In Bon Temps, Lafayette and Lettie May are still at their old home, digging holes in the yard. For some reason, rather than calling the police, the family has called the Reverend, who decides to join in the V trip by taking some of James’s blood. The small family then stands by while Lafayette, Lettie May, and the Reverend are treated to a vision of a young Tara’s birthday party ruined by a drunk, abusive father. This is all a little strange, not least because the entire purpose of this vision was to lead Lettie May to a buried gun that Tara couldn’t bring herself to use on her father. The two apologize to each other (again). Now I was never really in the camp of Tara-haters, but for her season-long haunting to end this way is irritating. It’s re-hashed ground. Hopefully this time Tara is really at rest, is really gone.


Bridgette and Hoyt, meanwhile, are arguing over Bridgette’s ill-timed admission that she’d like to have children. (This is beginning to make me think that we’re headed for a Jason/Jessica/Hoyt/Bridgette swap. Oh please, no.) Jason is with them, still, and when he receives pictures of Jessica, tied up and being tortured by Violet, he races out the door. Bridgette, though, insists upon coming along, refusing to stay in the house with Hoyt after their argument. At least Jason is smart enough to leave her in the car with a gun when he arrives at Violet’s house. Inside, he finds Adilyn, Wade, and Jessica tied up and Violet ready to torture them. And, predictably, he gets himself captured, too. But just when Violet has gone full-monologue, Hoyt shows up and shoots her in the back, bringing a quick, unexpected end to the story-line.


Jessica is enamored by Hoyt, and he seems enamored of her, too. But that brings back all sorts of questions and problems. After all, this is not an Eternal Sunshine of the Spotless Mind-esque situation in which both parties are unaware of what has previously happened. Jessica has full knowledge of what happened before, and even if it is cute to see the chemistry between the two actors, the creep-factor of her knowing what Hoyt doesn’t know about their prior relationship is pretty high.

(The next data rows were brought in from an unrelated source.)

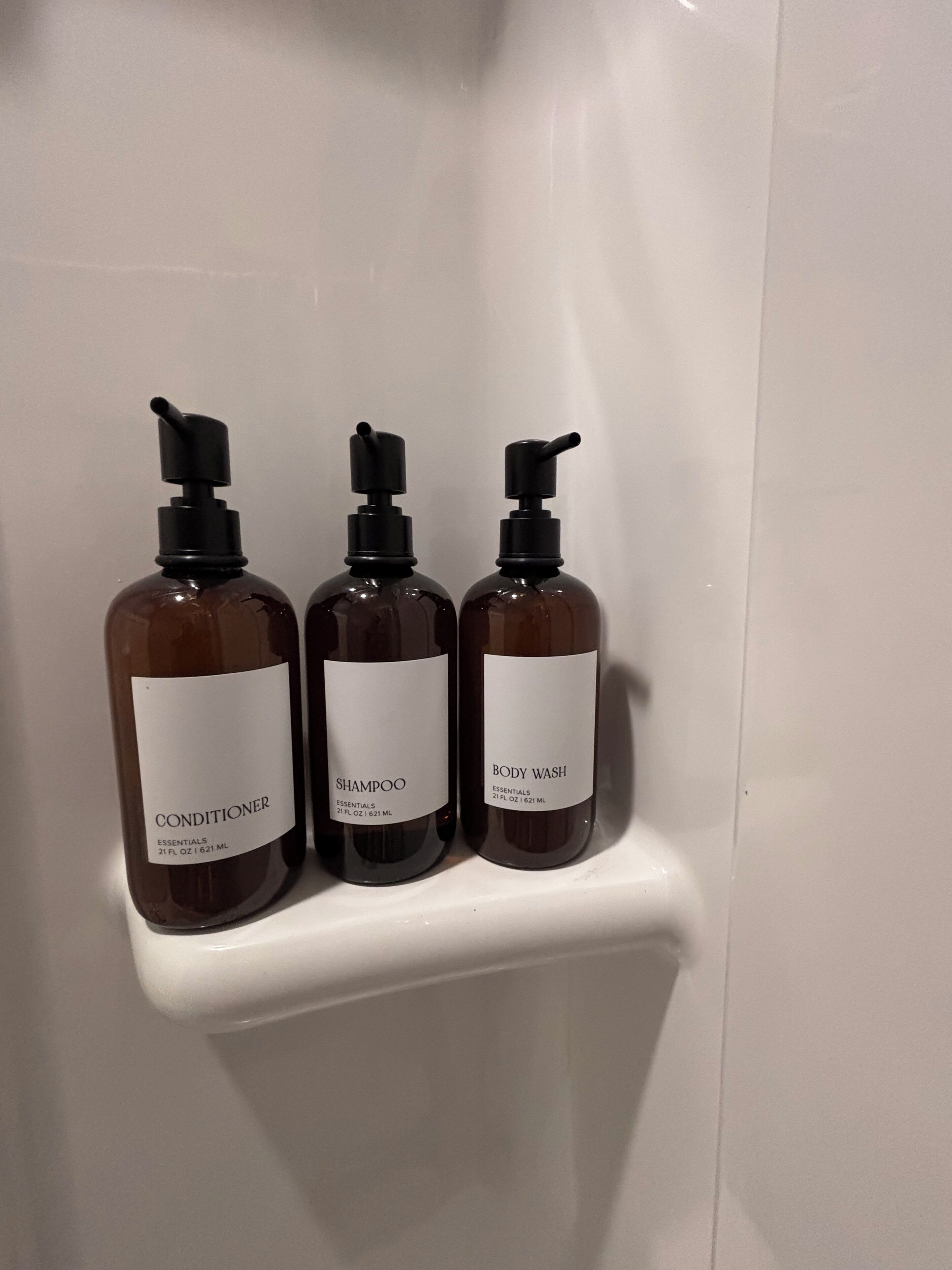 Drie flessen toiletartikelen op een witte plank.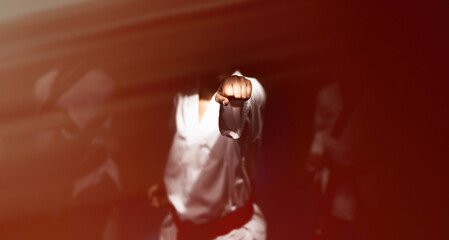 Taekwondo martial art sport banner background with copy space, athlete punch hitting on camera front view detail
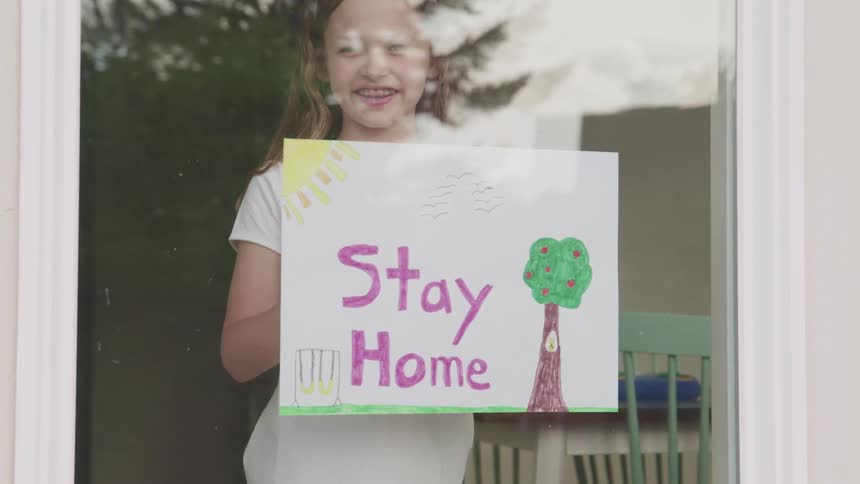 A girl holds a drawing which reads stay home behind the window in her house
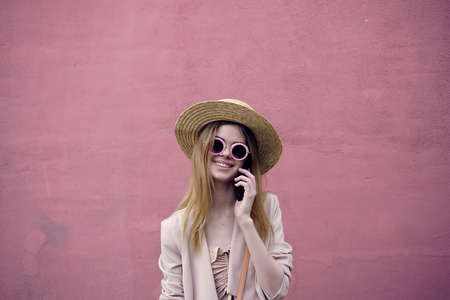 beautiful woman outdoor walk fashion summer pink wall Lifestyle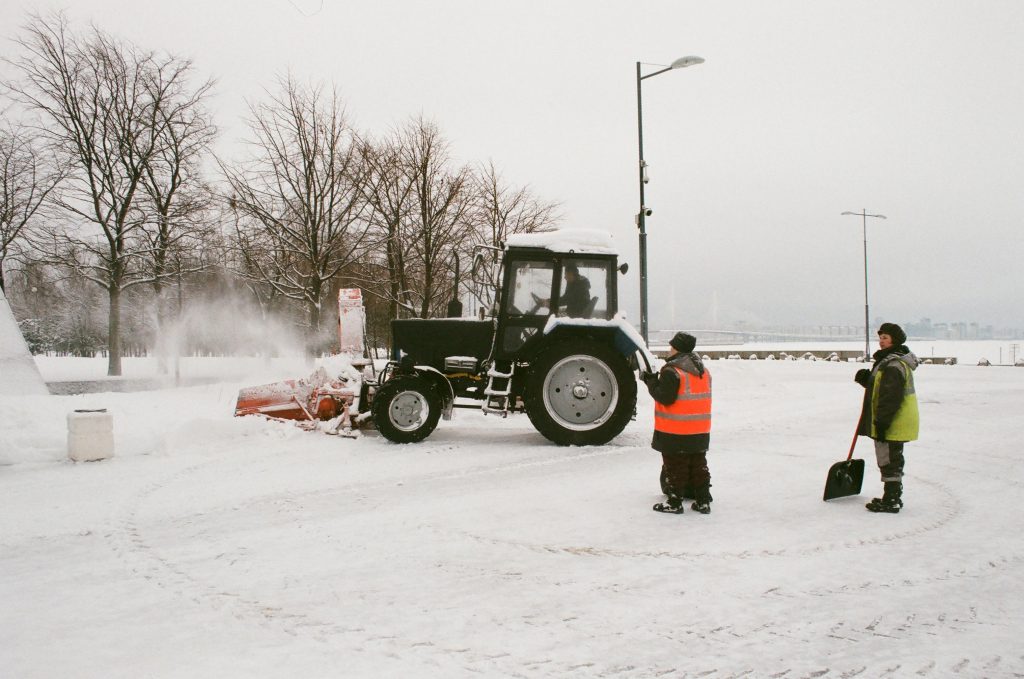 a snow removal tractor in a parking lot with two people holding shovels standing nearby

Eric shows up at Bill’s house, cured. Sookie is ecstatic, but Eric doesn’t truly understand why until she reveals that Bill is sick, that he contracted Hep V from her and that her fairy blood is speeding up the illness. Eric is surprisingly affected by the news and promises to help. And a very sick Bill has a dream of Sookie. She is sitting in a rocking chair with a baby. But when we get closer, we realize that the baby is actually a dark creature, something like a grim reaper or a demon.

But of course, Sookie cannot wait for Eric’s help. She drives to Fangtasia alone, barely makes it past the guards, and is “glamoured” by Eric before she leaves. Of course, though, she still cannot wait for Eric, and she finds that Sarah Newlin is in the basement, that she is the cure. She then manages to haul Bill and Jessica to the basement of Fangtasia with her. Bill won’t drink, though, and at the end of this episode we’re left wondering whether Bill is going to embrace his death in a way that only Godric has embraced his death on this show.